Data records:
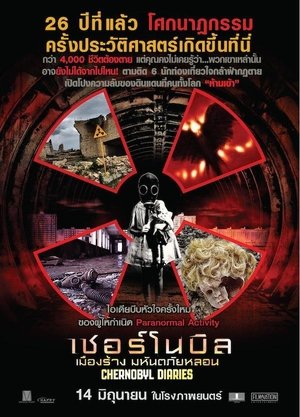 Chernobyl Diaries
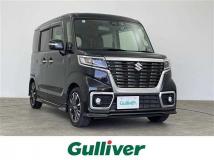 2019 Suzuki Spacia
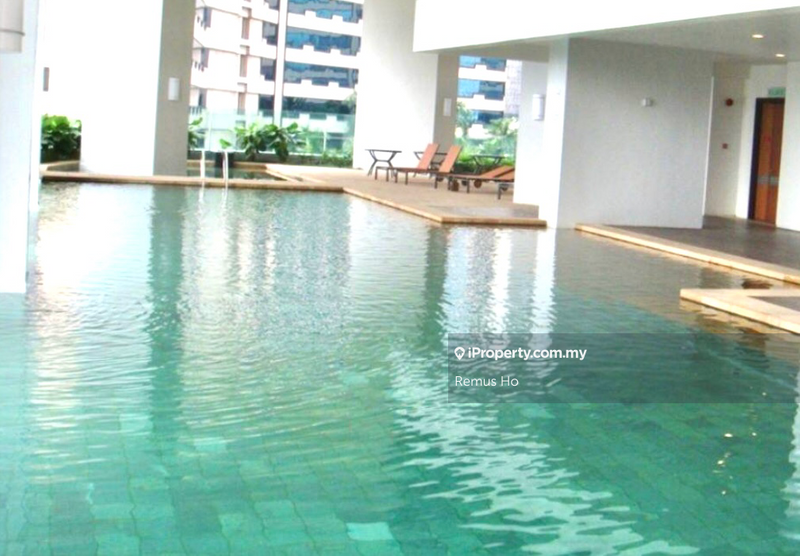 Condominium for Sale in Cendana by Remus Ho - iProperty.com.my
==
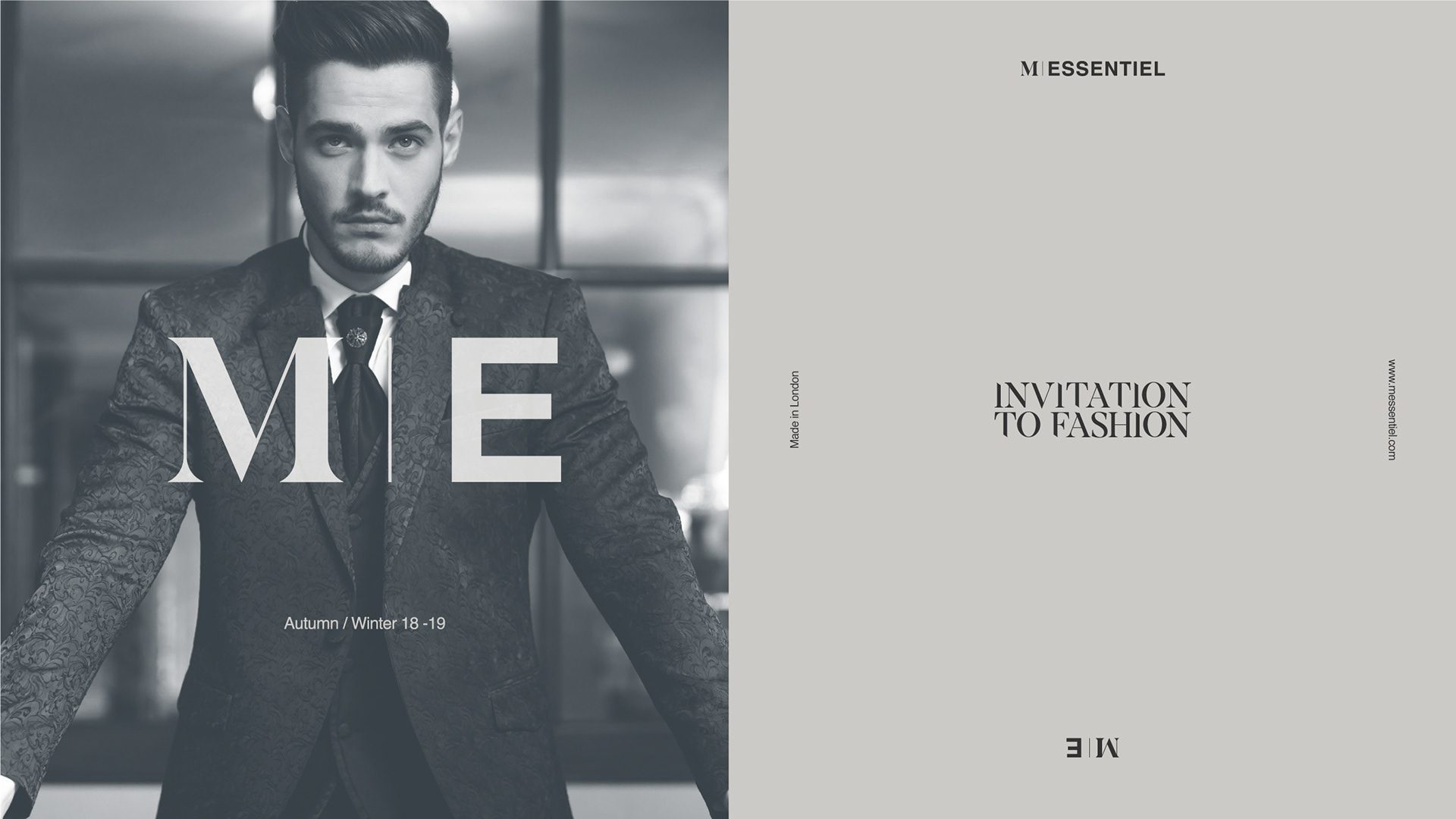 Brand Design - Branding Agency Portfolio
...
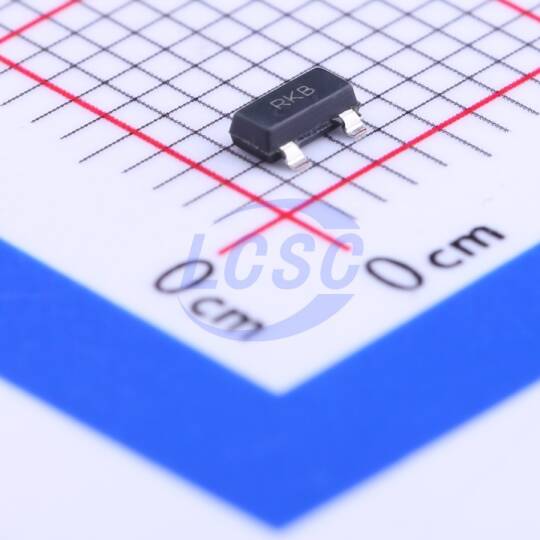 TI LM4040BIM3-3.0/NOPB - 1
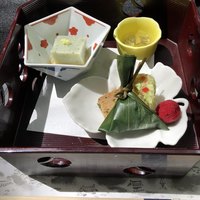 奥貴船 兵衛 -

Task:
The output is the stretch above from the line with "Chernobyl Diaries" through the line with "Condominium for Sale", copied word for word with both ends kept and every picture dropped.

Exercise solution:
 Chernobyl Diaries
 2019 Suzuki Spacia
 Condominium for Sale in Cendana by Remus Ho - iProperty.com.my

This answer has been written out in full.